Kam innerhalb von 21 Tagen kein Widerspruch auf seine Anträge, betrachtete Ebel diese als genehmigt. Diese Taktik ist heute noch in der Reichsbürger-Szene gang und gäbe. Das gilt auch für den Verkauf von Personalausweisen, Reisepässen und Führerscheinen. Allerdings kam es zu internen Querelen innerhalb der „Kommissarischen Reichtsregierung“. Unter anderem entstanden die Splittergruppen „Exilregierung Deutsches Reich“ (2004 in Hannover gegründet) und „Rebublik Freies Deutschland“ (2012 in Brandenburg gegründet).
Auch rechtsextremes Gedankengut prägt die Reichsbürger-Bewegung
Als weitere zentrale Figur der Reichsbürger-Bewegung gilt Jurist Horst Mahler, ein ehemaliges RAF- und NPD-Mitglied. Mahler ist bekennender Rechtsextremist. Er prägte unter anderem die Reichsbürger-Theorie der „Deutschland GmbH“ und des angeblich ungültigen Grundgesetzes.
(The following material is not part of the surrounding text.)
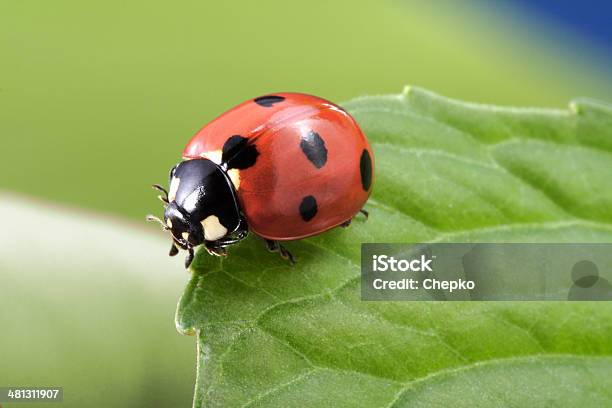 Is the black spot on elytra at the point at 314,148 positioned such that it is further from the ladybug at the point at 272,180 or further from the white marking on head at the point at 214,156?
the white marking on head at the point at 214,156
2016 wurde die Reichsbürger-Bewegung deutschlandweit bekannt
Juristen und Beamten ist die Reichsbürger-Bewegung durch ihre absurden Forderungen an Gerichte und Ämter seit Jahrzehnten ein Begriff.
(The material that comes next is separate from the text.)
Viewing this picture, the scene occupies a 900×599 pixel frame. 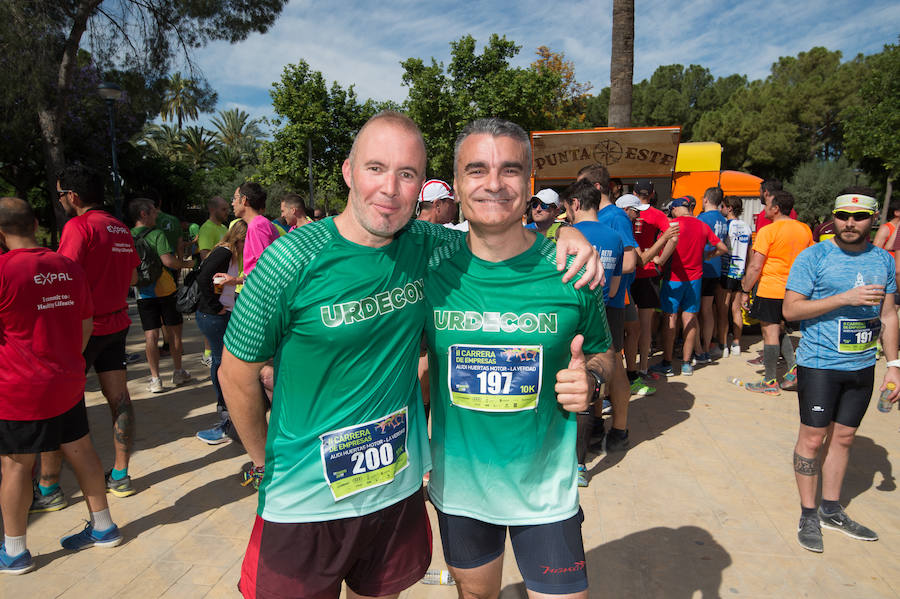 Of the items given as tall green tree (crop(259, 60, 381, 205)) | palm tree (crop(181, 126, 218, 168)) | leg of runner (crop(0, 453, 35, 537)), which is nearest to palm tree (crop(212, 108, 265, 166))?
palm tree (crop(181, 126, 218, 168))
2016 sorgte die Reichsbürger-Bewegung erstmals für ein landesweites Medienecho: Im Oktober 2016 wurde in Bayern bei einem Polizeieinsatz ein Beamter von einem bekennenden Reichsbürger erschossen. Der Reichsbürger, der den Schuss abgegeben hatte, war Jäger und besaß legal 30 Waffen. Seitdem steht die Reichsbürger-Bewegung unter Aufsicht des Verfassungsschutzes.
Davon ließ sich die Bewegung jedoch bis jetzt nicht abschrecken: Am 29. August 2020 unternahm eine Gruppe Reichsbürger gemeinsam mit Corona-Skeptikern und Rechtsextremen den Versuch, den Reichstag zu stürmen. Sie gelangte bis auf die Treppen vor dem Gebäude.
Der geplante Umsturz der Regierung im Dezember 2022
Am 07.12.2022 fand einer der größten Anti-Terror-Einsätze der Geschichte Deutschlands statt. Eine Gruppe von Reichsbürgern um den Immobilienunternehmer Heinrich Reuß alias Heinrich XIII.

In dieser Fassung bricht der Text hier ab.